Pour les centaines de milliers de futurs candidats à une formation dans l’enseignement supérieur, c’est un changement fondamental par rapport à leurs prédécesseurs de 2017 : ils n’auront pas à classer leurs vœux d’orientation dans la future plate-forme d’Admission post-bac (APB). Mais pour plusieurs observateurs avisés de l’enseignement supérieur et des processus d’affectation, la nouveauté pourrait bien créer une usine à gaz, et une future session d’APB aussi tendue que la précédente.
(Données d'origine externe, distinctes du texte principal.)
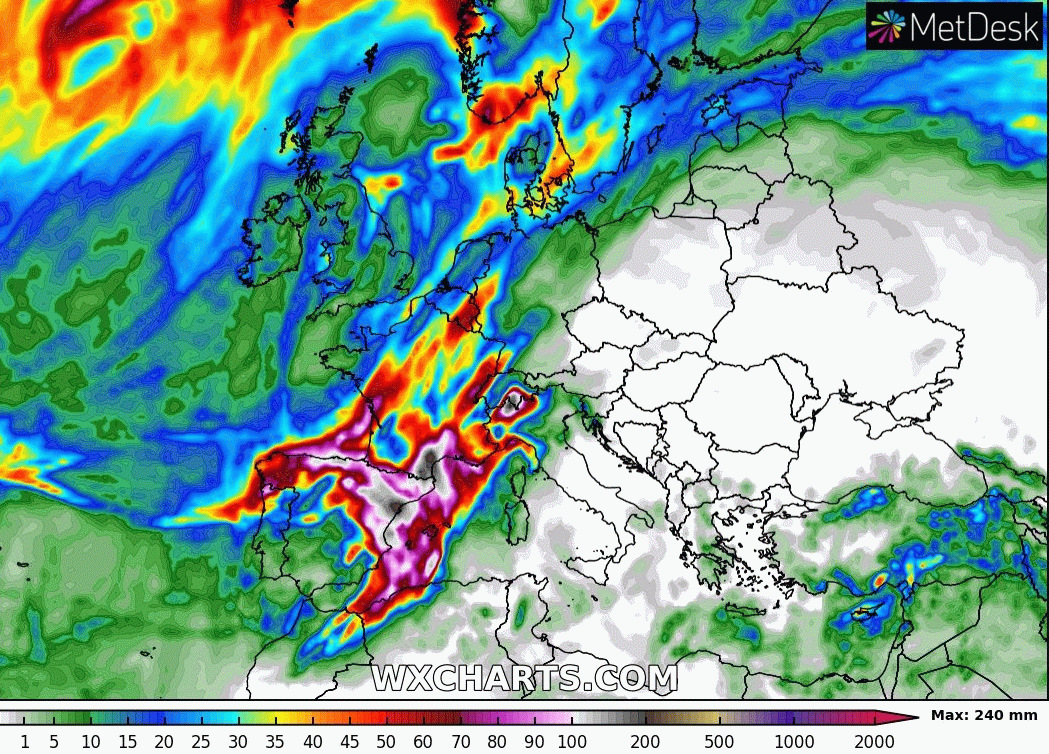 Previsión Meteo: Llega un brusco cambio de tiempo con algunas nevadas y lluvias intensas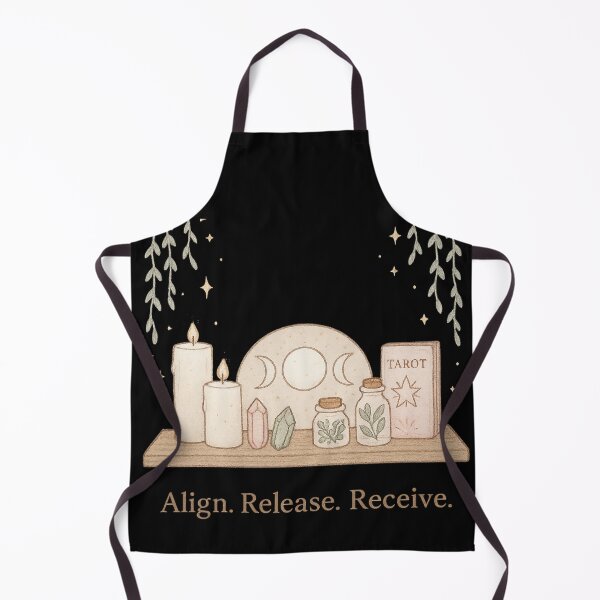 Item preview, Align Release Receive | Moon Altar Shelf Spiritual Witchy Art | Manifestation Stickers designed and sold by HerDreamCodes.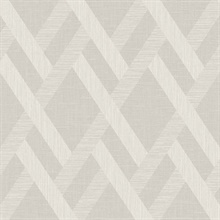 Cream Trellis Wallpaper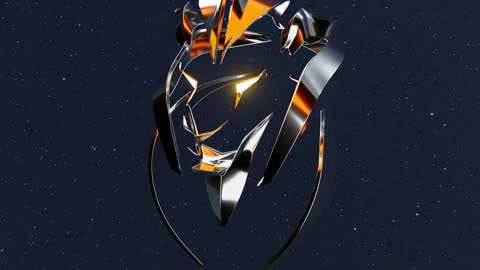 Metal lion 3d Logo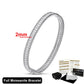 2mm Moissanite Bracelet 18K Gold Plated Tennis Bangle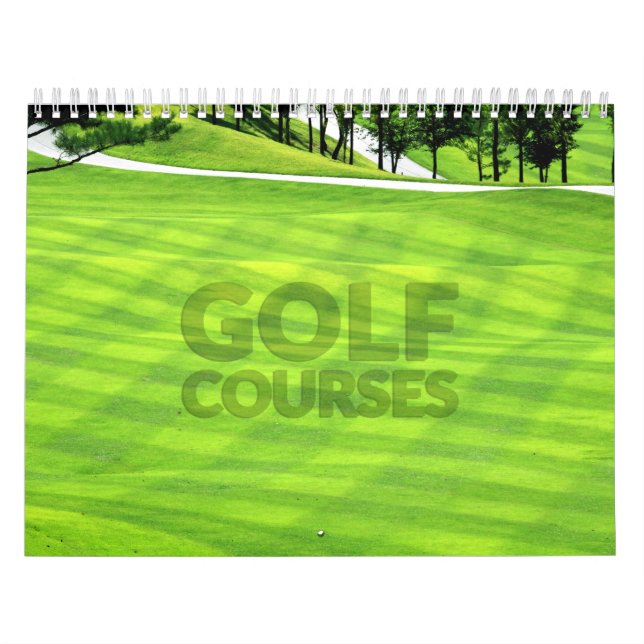Golf Kurser Wall Calendar Kalender (Omslag)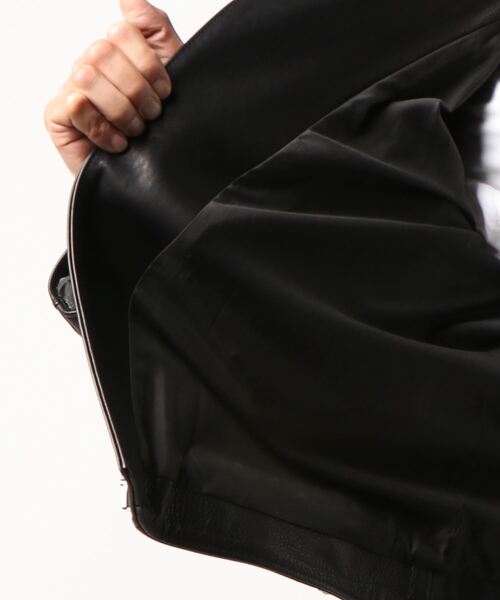 Kurowear Jacket KURO(クロ)の「【Bs】【it】【KURO(クロ)】W RIDERS JACKET(ライダースジャケット)」 - WEAR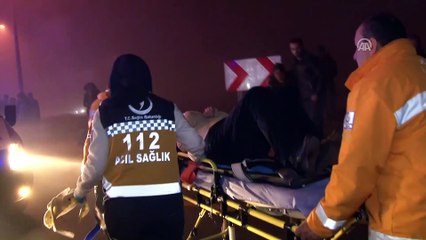 Konya'da yolcu otobüsü refüje devrildi: 11 yaralı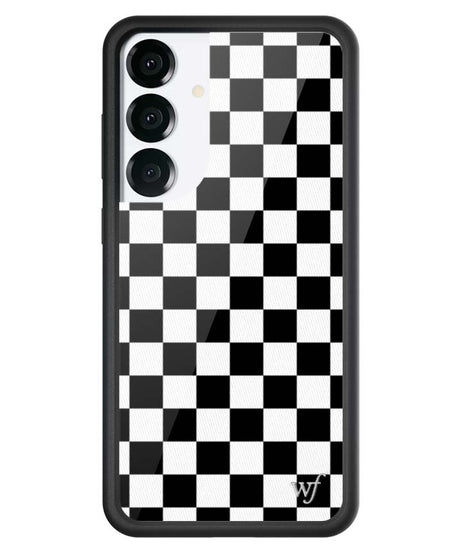 Checkers | Black Samsung Galaxy Case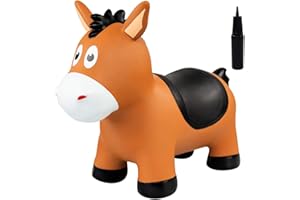 INPODAK Animal Hopper, Horse Space Hopper, Bouncy Animal Hopper for Kids, Jumping Horse for Kids, Toddler Ride On Toy, Hopping Games for Boys Girls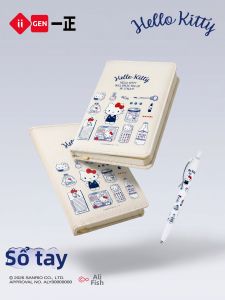 Yi ZHENG | Cute Hello Kitty Notebook Portable Small Cloth Cover Notebook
Des représentants étudiants, spécialistes de l’orientation et surtout chercheurs en économie, l’ont expliqué, jeudi 16 novembre, à l’Assemblée nationale, devant l’Office parlementaire d’évaluation des choix scientifiques et technologiques (OPECST) avant que le projet de loi qui réforme l’accès à l’université, mettant fin au tirage au sort, ne soit présenté en conseil des ministres, mercredi 22 novembre (voir la vidéo de l’audition).

Jusqu’à cette année, les candidats à l’enseignement supérieur devaient hiérarchiser leurs vœux (24 maximum) par ordre de préférence, et recevaient à chacune des trois étapes de la procédure une seule réponse, la mieux classée possible, leurs vœux inférieurs étant automatiquement remis au pot commun pour libérer des places. Dorénavant, a annoncé le ministère de l’enseignement supérieur, fin octobre, les candidats ne classeront plus leurs vœux et recevront des réponses progressivement, dès le mois de mai.

Inquiétudes

Or, les universitaires qui travaillent sur les questions d’affectation scolaires « sont inquiets », a expliqué à Cédric Villani, député La République en marche (LREM) et vice-président de l’OPECST, le professeur d’économie Vincent Iehlé. Selon lui, « s’il n’y a pas de vœux ordonnés, il n’y a pas d’algorithme d’affectation », à la différence de la version actuelle d’APB. La procédure reposera sur des vagues de propositions faites aux candidats, que ces derniers pourront accepter ou refuser, « les désistements servant à proposer des places à d’autres candidats, qui pourront les accepter ou les refuser, etc. »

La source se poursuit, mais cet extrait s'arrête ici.